Table of contents
- 🚀 Implementation of ADAM
🚀 Implementation of ADAM
In earlier posts, we implemented a momentum-based optimizer, which offered several advantages:
Momentum helps avoid getting stuck in local minima, much like in physics 🏃♂️.
It smooths updates by acting as a moving average of the gradient, especially useful when dealing with steep loss surfaces 🌄.
Loss Surface f(x) = kx + b
However, this approach had a significant drawback—it required a carefully selected learning rate ⚖️. Since the learning rate remained constant and didn’t adjust dynamically, large values could cause the updates to go in the wrong direction, leading to exploding gradients ⚡ and increasing loss 📉. This is less of an issue with single-variable functions like f(x), so let's consider the following function:
$$f(x_1, x_2) = 0.3 \cdot x_1 + 0.1 \cdot x_2 + 10$$
where:
$$w_1 = 0.3, \, w_2 = 0.1, \, b = 10$$
We will use the same momentum-based optimizer, but without any learning rate adaptation 🔄.
Code:
class MomentumOptimizer:
def __init__(self, param, lr=0.0000001, beta=0.8):
self.param = param
self.lr = lr
self.beta = beta
self.momentum = 0
self.prev_momentum = 0
def step(self, gradient, epoch):
self.prev_momentum = self.momentum
self.momentum = self.beta * self.prev_momentum + self.lr * gradient
self.param -= self.momentum
def get_param(self):
return self.param
Now let’s look at the result of training with a good learning rate (0.000004 for the weights and 0.01 for the bias):
As seen, the model converges well, thanks to the carefully chosen learning rate 👍.

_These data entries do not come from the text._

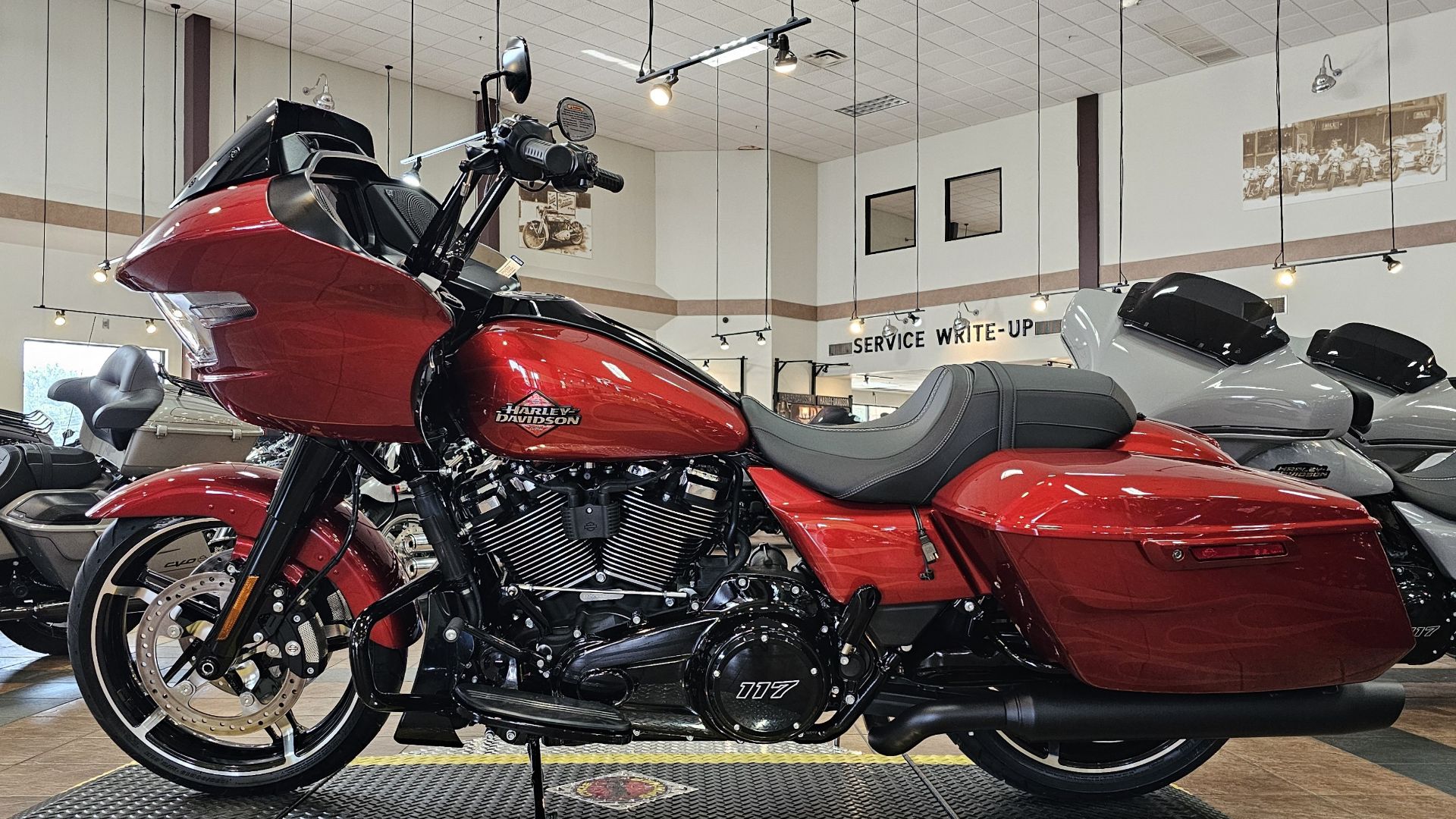 2025 Harley-Davidson Road Glide® in Cottondale, Alabama - Photo 5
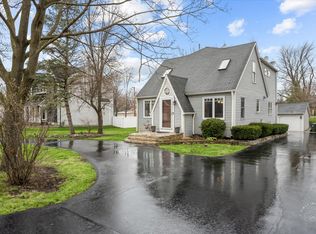 828 W Hillside St, Palatine, IL 60067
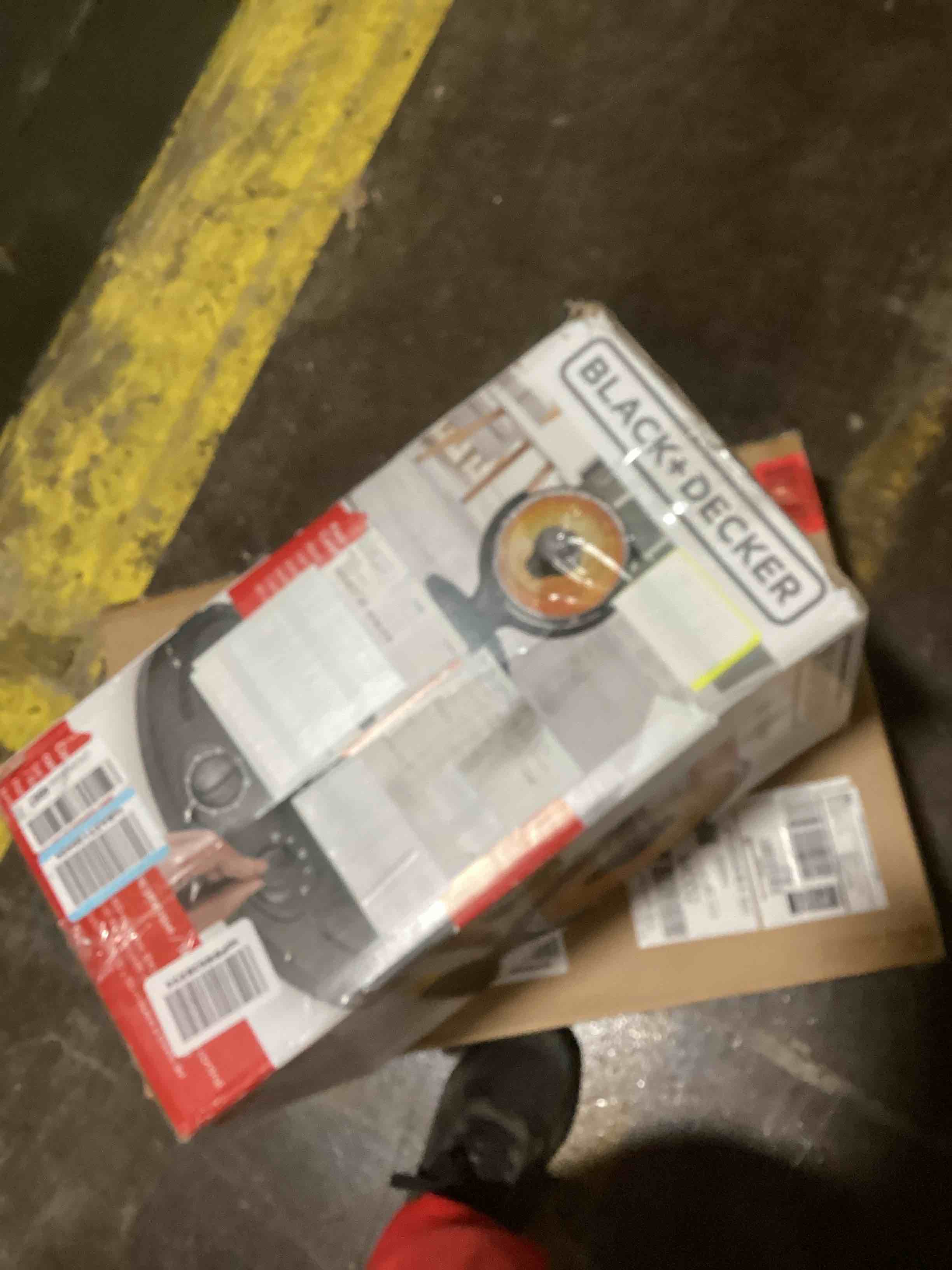 https://s3.amazonaws.com/lotting-images-prod/bidfta/GRN5944171_1707858207753.jpeg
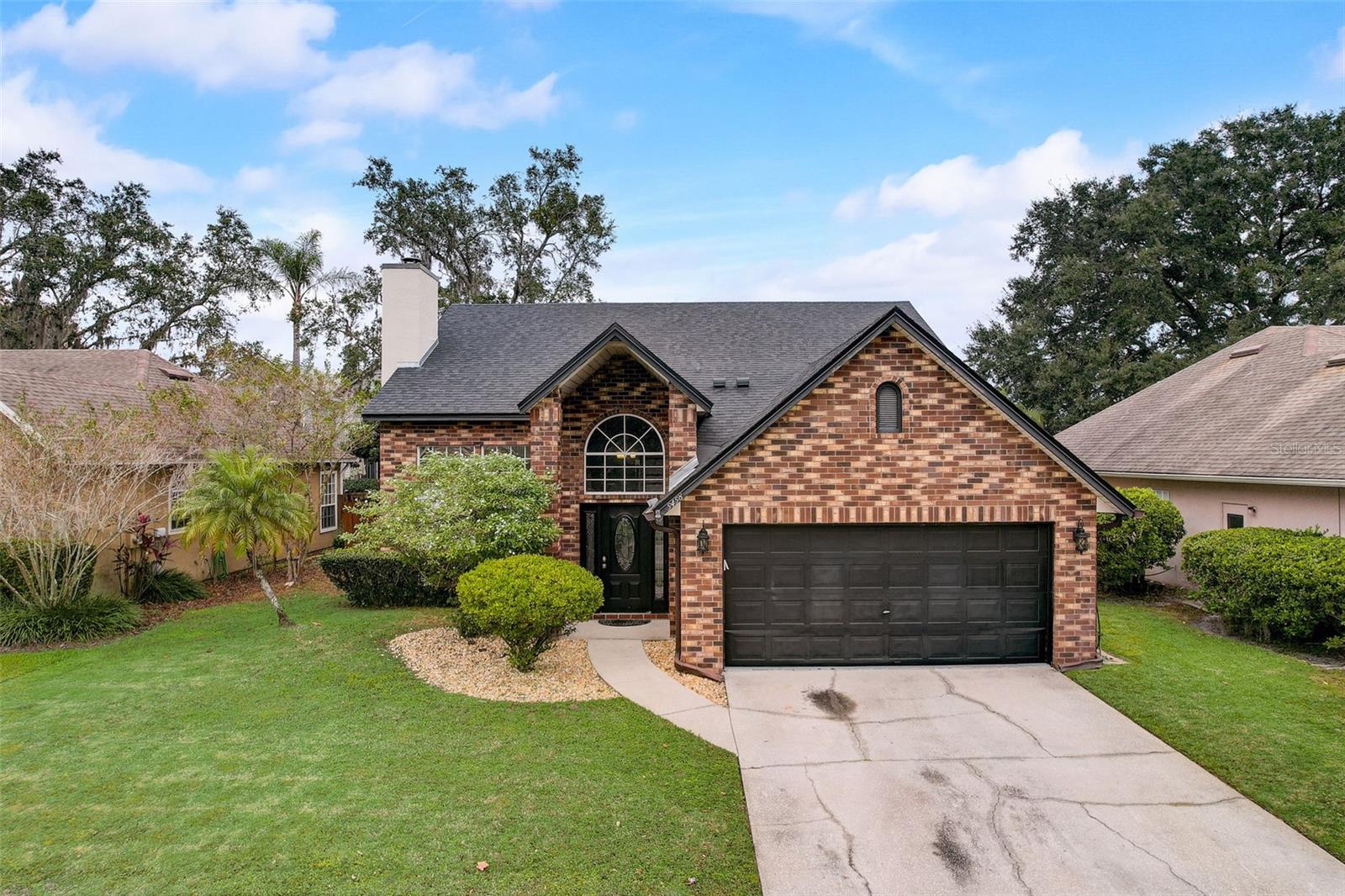 LAKES OF ALOMA - Residential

However, increasing the learning rate just a bit too much can lead to instability 😱. Let’s set the learning rate to 0.000008 for the weights and 0.02 for the bias:
The predictions are now too large to be visible, as the gradients have exploded 🔥.
Here’s what the training process looks like with these values:
Epoch | Loss | w1 Gradient | w2 Gradient |
0 | 1663.901 | 2361174.8 | 201861.549 |
1 | 9269.569 | -13415972.577 | -1097061.735 |
2 | 44622.031 | 64360033.279 | 5304690.402 |
3 | 212856.013 | -307215418.666 | -25282080.172 |
4 | 1015987.765 | 1466190419.961 | 120695444.971 |
5 | 4848691.714 | -6997400267.384 | -575986518.531 |
6 | 23140483.845 | 33395098059.392 | 2748925665.978 |
... | ... | ... | ... |
At epoch 439, the values are so large they appear as:
Epoch | Loss | w1 Gradient | w2 Gradient |
439 | 1.825613645291461e+301 | -2.63462883619106e+304 | -2.1686975236400557e+303 |
440 | 8.712743251677126e+301 | 1.257376999394519e+305 | 1.0350111461292857e+304 |
441 | 4.1581577331783074e+302 | -inf | -4.939591902211514e+304 |
442 | inf | inf | inf |
443 | nan | nan | nan |
444 | nan | nan | nan |
As you can see, the loss and other values grow exponentially, and the gradients flip between negative and positive values due to momentum ⚡. A single wrong number can break the system and cause the optimization to go haywire 🚨.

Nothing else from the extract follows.